Problem details: Look through the records that follow. Copy every line containing the word "fragment".

--- START ---

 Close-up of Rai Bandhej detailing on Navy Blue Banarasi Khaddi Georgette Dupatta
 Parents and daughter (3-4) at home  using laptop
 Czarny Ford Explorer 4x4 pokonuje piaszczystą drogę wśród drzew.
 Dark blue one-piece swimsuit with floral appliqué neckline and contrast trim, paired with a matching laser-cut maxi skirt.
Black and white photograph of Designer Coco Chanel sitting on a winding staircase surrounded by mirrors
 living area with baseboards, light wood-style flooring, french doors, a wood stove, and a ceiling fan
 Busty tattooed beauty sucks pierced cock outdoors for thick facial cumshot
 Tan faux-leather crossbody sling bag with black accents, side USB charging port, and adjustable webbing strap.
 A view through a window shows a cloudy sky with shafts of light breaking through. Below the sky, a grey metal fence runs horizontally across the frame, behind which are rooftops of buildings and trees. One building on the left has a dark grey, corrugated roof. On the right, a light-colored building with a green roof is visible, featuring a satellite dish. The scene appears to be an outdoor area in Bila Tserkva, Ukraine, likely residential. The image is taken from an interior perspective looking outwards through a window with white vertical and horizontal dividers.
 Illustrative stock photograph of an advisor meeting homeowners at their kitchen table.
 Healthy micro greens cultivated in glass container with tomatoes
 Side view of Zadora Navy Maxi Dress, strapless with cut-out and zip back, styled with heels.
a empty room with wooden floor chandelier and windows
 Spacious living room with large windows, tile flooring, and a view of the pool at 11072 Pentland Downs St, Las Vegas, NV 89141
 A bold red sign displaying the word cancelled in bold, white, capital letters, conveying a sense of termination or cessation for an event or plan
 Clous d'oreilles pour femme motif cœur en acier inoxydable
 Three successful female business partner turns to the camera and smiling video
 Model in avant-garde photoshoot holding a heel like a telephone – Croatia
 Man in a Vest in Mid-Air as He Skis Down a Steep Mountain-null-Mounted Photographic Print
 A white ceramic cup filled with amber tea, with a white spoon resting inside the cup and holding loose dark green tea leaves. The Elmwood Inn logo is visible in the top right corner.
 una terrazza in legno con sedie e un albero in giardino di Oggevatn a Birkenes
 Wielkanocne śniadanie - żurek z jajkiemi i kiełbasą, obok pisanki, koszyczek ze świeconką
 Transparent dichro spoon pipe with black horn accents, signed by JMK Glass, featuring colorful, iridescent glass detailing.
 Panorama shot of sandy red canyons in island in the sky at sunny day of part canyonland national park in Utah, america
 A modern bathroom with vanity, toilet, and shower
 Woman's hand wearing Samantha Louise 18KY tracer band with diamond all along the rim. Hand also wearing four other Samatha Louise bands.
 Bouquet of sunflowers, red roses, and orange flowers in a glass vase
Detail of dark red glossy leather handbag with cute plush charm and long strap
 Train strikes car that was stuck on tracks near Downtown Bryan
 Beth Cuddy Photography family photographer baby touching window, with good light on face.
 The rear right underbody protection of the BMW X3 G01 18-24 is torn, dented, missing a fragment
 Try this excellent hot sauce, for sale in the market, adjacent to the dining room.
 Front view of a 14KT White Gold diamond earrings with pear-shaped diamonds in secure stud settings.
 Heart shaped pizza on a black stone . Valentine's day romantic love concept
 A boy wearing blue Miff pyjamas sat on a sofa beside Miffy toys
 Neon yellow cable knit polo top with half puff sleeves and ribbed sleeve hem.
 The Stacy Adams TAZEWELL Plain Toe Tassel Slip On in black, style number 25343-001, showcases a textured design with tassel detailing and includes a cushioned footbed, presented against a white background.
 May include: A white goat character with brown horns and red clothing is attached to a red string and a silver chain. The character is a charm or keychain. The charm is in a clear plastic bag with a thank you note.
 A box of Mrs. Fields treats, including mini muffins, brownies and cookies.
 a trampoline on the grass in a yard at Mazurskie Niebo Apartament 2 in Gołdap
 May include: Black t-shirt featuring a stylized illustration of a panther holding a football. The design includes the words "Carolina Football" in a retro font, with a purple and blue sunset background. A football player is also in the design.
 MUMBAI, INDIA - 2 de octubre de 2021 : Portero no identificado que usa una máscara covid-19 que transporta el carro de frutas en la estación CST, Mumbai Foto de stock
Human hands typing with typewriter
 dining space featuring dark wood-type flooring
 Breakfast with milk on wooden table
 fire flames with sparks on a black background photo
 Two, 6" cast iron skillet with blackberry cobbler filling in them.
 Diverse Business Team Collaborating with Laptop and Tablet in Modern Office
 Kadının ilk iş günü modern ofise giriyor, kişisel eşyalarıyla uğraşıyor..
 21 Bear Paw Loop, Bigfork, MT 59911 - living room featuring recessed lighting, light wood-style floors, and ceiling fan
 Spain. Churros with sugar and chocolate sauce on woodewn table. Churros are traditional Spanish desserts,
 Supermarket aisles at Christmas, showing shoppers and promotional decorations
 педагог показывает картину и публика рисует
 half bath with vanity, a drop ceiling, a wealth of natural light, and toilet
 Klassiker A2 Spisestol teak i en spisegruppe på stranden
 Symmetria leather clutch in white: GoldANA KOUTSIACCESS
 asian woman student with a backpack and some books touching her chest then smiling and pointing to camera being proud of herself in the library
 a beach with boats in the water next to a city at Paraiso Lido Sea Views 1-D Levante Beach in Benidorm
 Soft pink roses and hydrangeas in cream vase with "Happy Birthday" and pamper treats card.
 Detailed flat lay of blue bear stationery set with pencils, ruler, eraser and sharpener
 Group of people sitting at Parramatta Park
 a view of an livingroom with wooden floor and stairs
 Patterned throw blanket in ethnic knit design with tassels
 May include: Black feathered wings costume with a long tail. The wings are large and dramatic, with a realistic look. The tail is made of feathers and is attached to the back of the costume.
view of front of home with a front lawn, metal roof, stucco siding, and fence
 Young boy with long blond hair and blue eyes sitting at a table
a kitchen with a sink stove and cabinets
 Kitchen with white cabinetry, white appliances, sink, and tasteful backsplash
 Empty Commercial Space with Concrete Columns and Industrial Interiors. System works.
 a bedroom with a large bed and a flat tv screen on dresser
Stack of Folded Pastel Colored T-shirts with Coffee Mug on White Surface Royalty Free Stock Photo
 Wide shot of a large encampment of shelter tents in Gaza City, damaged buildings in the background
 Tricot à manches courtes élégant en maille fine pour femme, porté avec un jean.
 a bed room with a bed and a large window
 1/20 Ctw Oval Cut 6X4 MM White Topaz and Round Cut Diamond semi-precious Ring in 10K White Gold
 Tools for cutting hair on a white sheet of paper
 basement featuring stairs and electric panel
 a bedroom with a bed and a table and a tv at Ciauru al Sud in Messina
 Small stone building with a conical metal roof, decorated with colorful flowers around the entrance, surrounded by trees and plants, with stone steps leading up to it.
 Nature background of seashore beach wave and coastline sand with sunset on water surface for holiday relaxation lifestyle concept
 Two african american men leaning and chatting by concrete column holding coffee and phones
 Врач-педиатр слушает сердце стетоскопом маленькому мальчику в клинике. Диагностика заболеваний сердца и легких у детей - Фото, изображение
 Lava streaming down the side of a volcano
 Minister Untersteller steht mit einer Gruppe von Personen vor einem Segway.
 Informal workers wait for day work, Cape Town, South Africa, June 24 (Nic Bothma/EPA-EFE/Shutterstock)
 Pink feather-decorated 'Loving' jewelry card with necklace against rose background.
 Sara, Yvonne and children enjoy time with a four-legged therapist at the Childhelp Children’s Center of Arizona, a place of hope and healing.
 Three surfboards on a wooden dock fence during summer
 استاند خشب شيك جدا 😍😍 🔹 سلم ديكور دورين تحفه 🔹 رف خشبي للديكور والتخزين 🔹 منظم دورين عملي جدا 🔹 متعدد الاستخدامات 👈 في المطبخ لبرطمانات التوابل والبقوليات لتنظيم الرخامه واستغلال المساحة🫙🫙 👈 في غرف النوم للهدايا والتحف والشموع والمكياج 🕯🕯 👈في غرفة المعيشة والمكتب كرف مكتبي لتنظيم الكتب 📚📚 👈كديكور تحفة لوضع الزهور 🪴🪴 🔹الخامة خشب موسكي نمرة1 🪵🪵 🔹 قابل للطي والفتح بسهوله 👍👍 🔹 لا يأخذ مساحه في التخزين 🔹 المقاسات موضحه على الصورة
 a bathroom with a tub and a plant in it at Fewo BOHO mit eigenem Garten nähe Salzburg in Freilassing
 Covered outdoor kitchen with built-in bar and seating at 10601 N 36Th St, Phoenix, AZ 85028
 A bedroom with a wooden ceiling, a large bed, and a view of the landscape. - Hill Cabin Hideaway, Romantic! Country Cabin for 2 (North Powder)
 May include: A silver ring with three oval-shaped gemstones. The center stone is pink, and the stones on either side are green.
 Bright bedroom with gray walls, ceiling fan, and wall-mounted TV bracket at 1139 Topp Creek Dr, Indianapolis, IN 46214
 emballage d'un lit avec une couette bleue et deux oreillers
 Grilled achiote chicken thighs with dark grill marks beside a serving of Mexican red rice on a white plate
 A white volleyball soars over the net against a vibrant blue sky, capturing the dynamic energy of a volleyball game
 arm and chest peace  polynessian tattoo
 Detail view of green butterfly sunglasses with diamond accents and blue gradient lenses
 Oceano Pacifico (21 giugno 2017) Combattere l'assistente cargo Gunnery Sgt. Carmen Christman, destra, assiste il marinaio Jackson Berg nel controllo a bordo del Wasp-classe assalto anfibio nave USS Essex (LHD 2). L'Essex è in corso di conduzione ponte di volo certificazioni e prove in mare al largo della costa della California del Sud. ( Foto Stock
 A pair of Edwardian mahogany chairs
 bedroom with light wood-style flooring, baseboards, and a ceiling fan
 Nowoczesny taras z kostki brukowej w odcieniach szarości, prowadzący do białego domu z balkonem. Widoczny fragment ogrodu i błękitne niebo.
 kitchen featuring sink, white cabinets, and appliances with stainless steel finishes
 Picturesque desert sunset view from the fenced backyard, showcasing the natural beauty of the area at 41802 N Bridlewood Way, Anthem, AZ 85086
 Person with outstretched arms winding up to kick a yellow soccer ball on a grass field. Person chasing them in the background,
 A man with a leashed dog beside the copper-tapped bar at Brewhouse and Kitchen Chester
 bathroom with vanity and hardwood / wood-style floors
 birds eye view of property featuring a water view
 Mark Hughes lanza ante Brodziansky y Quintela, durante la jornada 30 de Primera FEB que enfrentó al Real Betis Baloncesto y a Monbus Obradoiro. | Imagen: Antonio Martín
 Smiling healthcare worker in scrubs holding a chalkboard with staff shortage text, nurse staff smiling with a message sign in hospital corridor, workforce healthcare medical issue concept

--- END ---

Task result:
 The rear right underbody protection of the BMW X3 G01 18-24 is torn, dented, missing a fragment
 Nowoczesny taras z kostki brukowej w odcieniach szarości, prowadzący do białego domu z balkonem. Widoczny fragment ogrodu i błękitne niebo.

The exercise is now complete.